Why We Create Our Suffering

2 hours ago 2

2022.

I couldn’t tell you what I did for five months. I watched my friend’s dog and drafted some posts I never published... but where the rest of the time went? I don’t know.

I remember wondering: “Why am I withdrawing from everything? Why are my emotions so irrational?”

Social interactions weren’t going as I wanted: I couldn’t make friends, crushes ghosted me, and whenever I set boundaries with others they got upset.

I didn’t realize it at the time, but interacting with others felt tremendously unsafe.

Naturally, when I’m withdrawn and low on energy, I don’t want to interact with other people much.

...so, if interacting with other people was unsafe, then one way for me to not have to interact with them and be safe was to... be withdrawn.

I thought my problem was the withdrawal. But really withdrawal turned out to actually be a solution to a different problem.

So I unlearned the insecurities that made social interaction feel unsafe. I haven’t needed to be withdrawn since.

Incidentally, while I was withdrawn, I had moved to the middle of nowhere. Conveniently miles away from anyone I might’ve wanted to talk to. But within three weeks, I moved back to a big city and had about 10x as much social interaction.

After noticing this pattern—the problem wasn’t the problem, it was a solution—I started seeing it everywhere.

Chesterton’s Fence (withdrawal) keeping old Chris safe from monsters (unsafe social interaction).

Any persistent issue can be understood from two different points of view:

In the Classical view: Past experiences “caused” the present state. “My withdrawal is an unfortunate consequence of previous trauma or bad experiences, which I have no control over.”

And the Locally Optimal view: My state is incentivized by what my nervous system is currently acting to avoid.

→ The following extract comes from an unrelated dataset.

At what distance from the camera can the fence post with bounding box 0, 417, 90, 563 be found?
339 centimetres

Withdrawal isn’t random, it’s strategic.

 Present motivated by Futures
@ChrisChipMonk

In the classical view, you look backwards: the past caused the present issue, and the past can’t be changed… so rest in pieces I guess.

In the locally optimal view, you look forward: your present state is shaped by the futures you want to avoid and the futures you want to achieve.

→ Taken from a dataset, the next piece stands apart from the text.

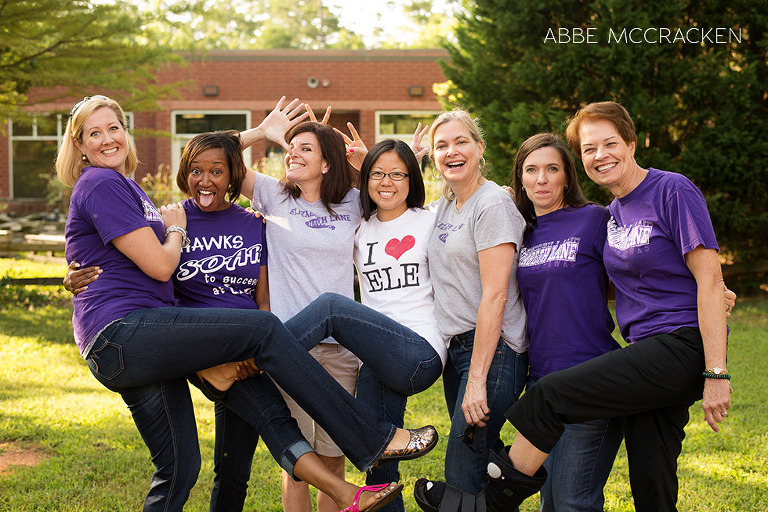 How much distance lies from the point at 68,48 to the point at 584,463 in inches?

In both views, you can feel stuck. But in the first the past keeps you trapped; in the second, you just haven’t found the way out yet: you haven’t found a vector that addresses every incentive keeping you there. The vector that makes the past irrelevant.

Incentive landscape shows how suffering can be locally optimal.

Suboptimal
Interact, feel horrible

Locally optimal
Don’t interact, feel mid

Globally optimal
Interact, feel great

chrislakin.blog/locally-optimal
@ChrisChipMonk

The locally optimal view is a hopeful view: your suffering isn’t random, it’s functional. And since it’s functional, then there are probably other strategies that achieve the same functions but with less suffering.

It’s like the efficient market hypothesis for emotional issues: “If there were zero downsides to resolving this issue, then why hasn’t it resolved itself already?” Insecurity that’s lasted for years tends to be locally optimal.

Just like how my nervous system had settled on a solution: stop interacting. You can’t get hurt if you don’t engage!

Was it globally optimal? Absolutely not, it sucked. But was it locally optimal given everything else? Probably!